How does the brain confer meaning on the things we perceive in the world? “Many of us favor the theory that, whether it comes in through the eyes or ears, through reading [or other stimuli], it’s all eventually arriving at a common place where the meaning of things is represented,” says Massachusetts Institute of Technology psychologist Mary C. Potter. “If that were so,” she continues, “you’d expect there to be a problem in extracting meanings simultaneously from different sources.”
That is why Potter and her MIT colleague Ansgar D. Endress were surprised by the findings of their new study, which will be published in Psychological Science, a journal of the Association for Psychological Science. When the authors asked participants to perform two kinds of tasks at the same time—a visual one and a linguistic one—they performed without a hiccup. But handling two visual tasks at once slowed them down.
The study involved 96 participants in total, each participating in one of several experiments. The participants first were shown images of unrelated scenes at a rate of about four per second. That’s fast enough to remember the gist, but not the details, of the scene: men climbing stairs; not four men in sweaters climbing the stairs on the Great Wall of China. After that, the participants were shown 10 scenes at random, half familiar and half new, and asked which they’d seen before. To indicate that they’d gotten the gist of the scenes, they also were asked to remember through word labels (“Men climbing stairs”).

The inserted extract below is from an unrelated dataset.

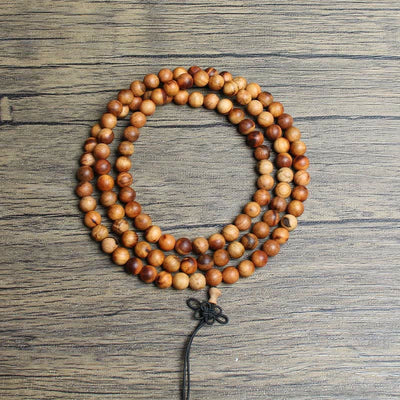 Buddha Stones 108 Mala Beads Lightning Strike Peach Wood Hand Polishing Protection Bracelet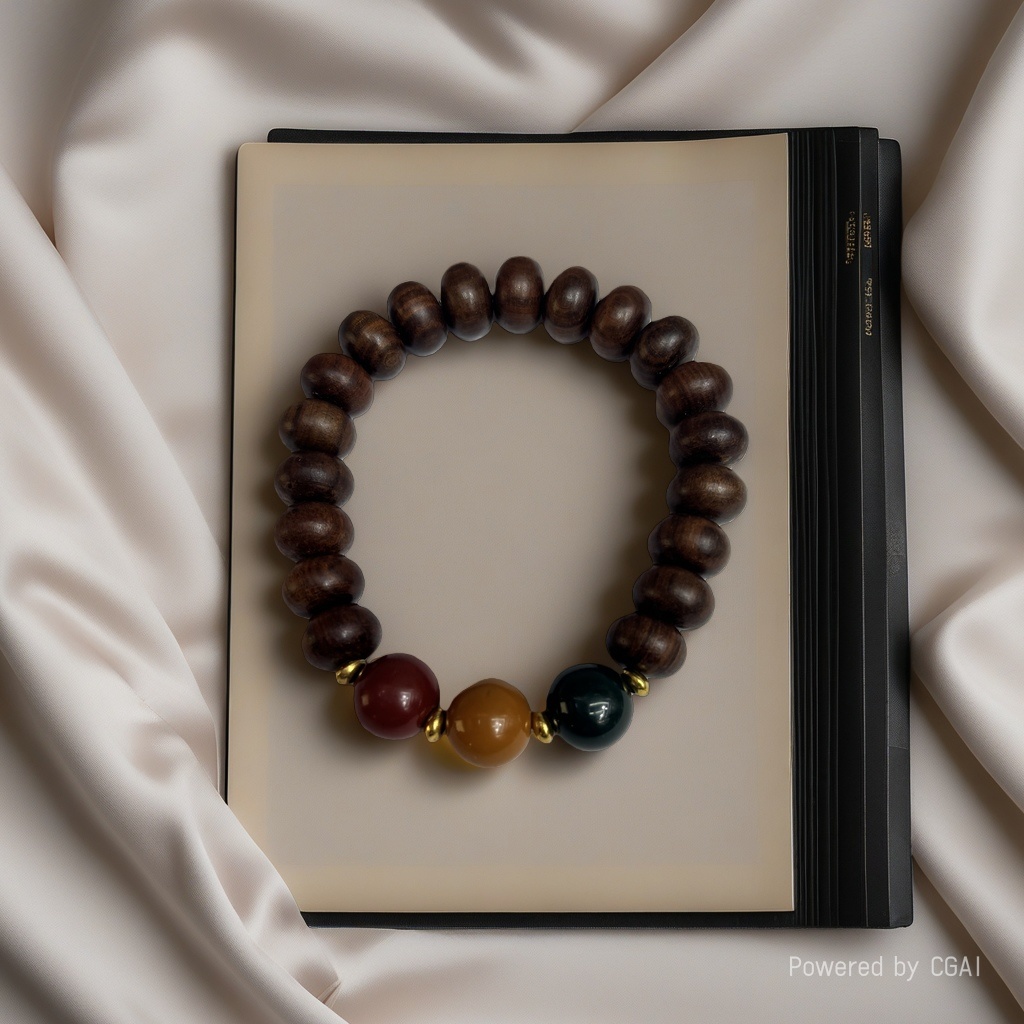 New Chinese-style yellow rosewood three-color old-style bead traffic light bracelet, men's and women's artistic retro Buddhist bead bracelet, prayer bead jewelry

In experiment 2, each of the scenes had a word in the center. The words made a coherent, if nonsensical sentence (e.g. “Miners duly locate truly tired ladies”). Then they were either tested for memory of the scenes or memory of the words. Each participant was tested on one or the other, but they didn’t know ahead of time which it would be, so they had to remember both. In the third experiment, a box with grid lines in it appeared in the center of each image, a visual-recognition task. Participants had to press a button when the lines’ density changed. In another experiment, subjects did the tasks in isolation.
The results: The people doing the linguistic task performed equally well whether the images and words were shown together or not. But the grid-line people had a harder time doing two things at once—even though they could do the density test almost perfectly alone.
“We think it’s because the language system that’s operating when it’s picking up and understanding words is somehow insulated from the scene-recognition system,” says Potter. Whereas “looking for density is the kind of visual analysis that must overlap with the visual process of meaning-extraction from a scene.”
The findings aren’t inconsistent with the unified-system theory—though Potter thinks that system probably operates later in the process. In the earliest stages of translating stimuli into meaning, the authors conclude, linguistic and conceptual processing take place in “remarkably independent channels.”